TASK DESCRIPTION: The answer must be the full data, restated word for word, with no pictures in it.

DATA RECORDS:
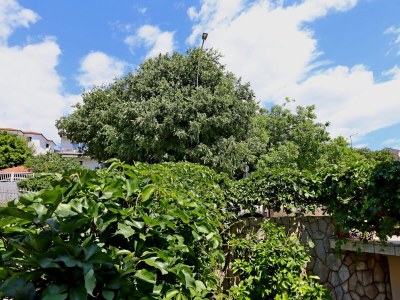 Apartment One bedroom apartment with terrace Selce, Crikvenica A-24450-b - Outdoor photo 25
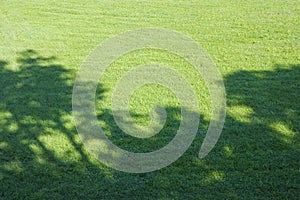 Green mowed lawn with tree shadow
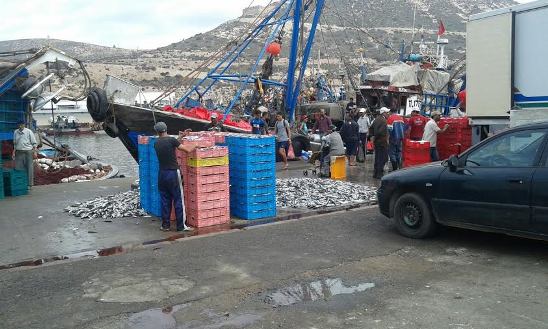 عودة مشهد السردين على رصيف ميناء أكادير بين  القاعدة و الاستثناء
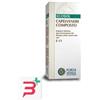 FORZA VITALE ITALIA Srl ECOSOL CAPELVENERE COMPOSTO GOCCE 50 ML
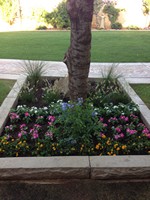 Smart Lawn and Landscape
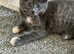 Long furred kittens for sale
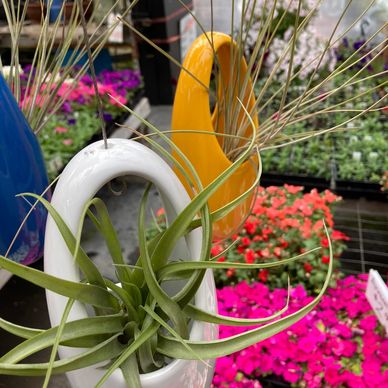 Air plants and ceramic air plant hanging pots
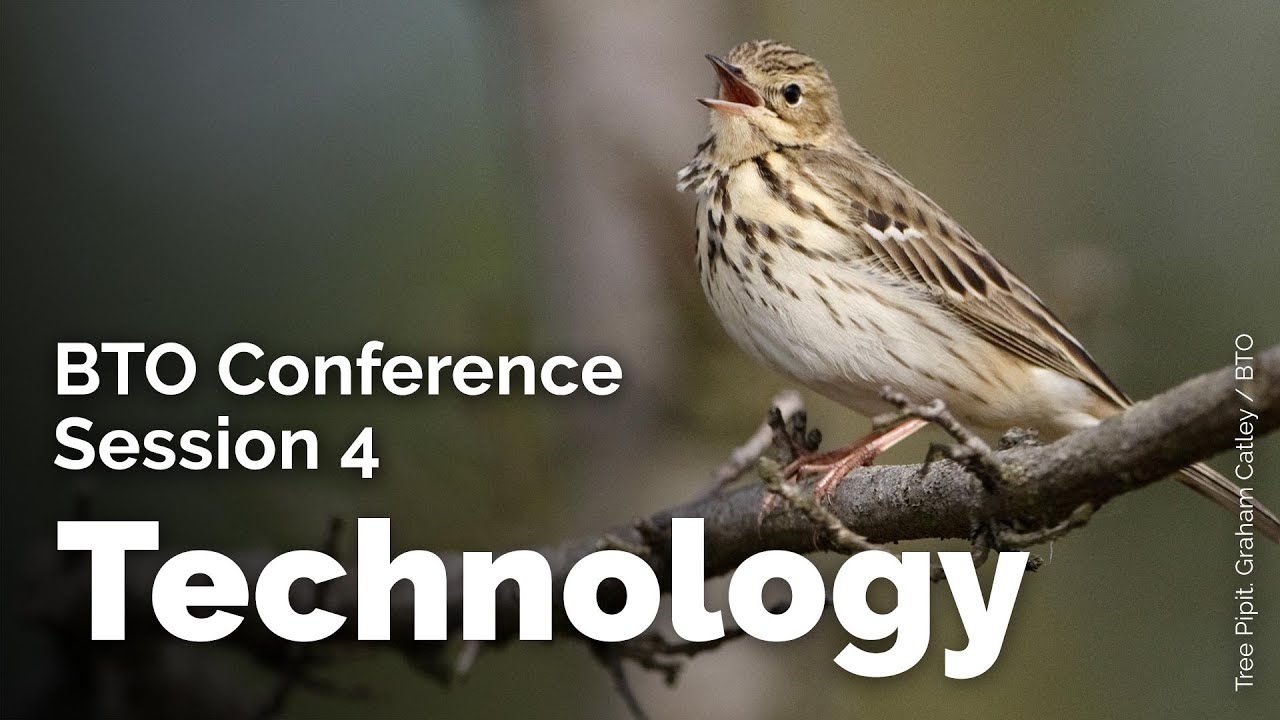 BTO Conference 2021: Session 4 - New Advances in Technology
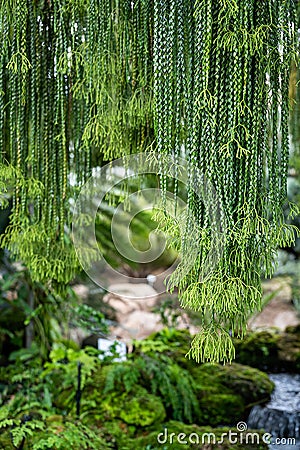 Leaves of Huperzia ferns or keeled tassel fern, Green leaves hanging vertical lines pattern on natural background Stock Photo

RESPONSE BOX:
 Apartment One bedroom apartment with terrace Selce, Crikvenica A-24450-b - Outdoor photo 25
 Green mowed lawn with tree shadow
 عودة مشهد السردين على رصيف ميناء أكادير بين  القاعدة و الاستثناء
 FORZA VITALE ITALIA Srl ECOSOL CAPELVENERE COMPOSTO GOCCE 50 ML
 Smart Lawn and Landscape
 Long furred kittens for sale
 Air plants and ceramic air plant hanging pots
 BTO Conference 2021: Session 4 - New Advances in Technology
 Leaves of Huperzia ferns or keeled tassel fern, Green leaves hanging vertical lines pattern on natural background Stock Photo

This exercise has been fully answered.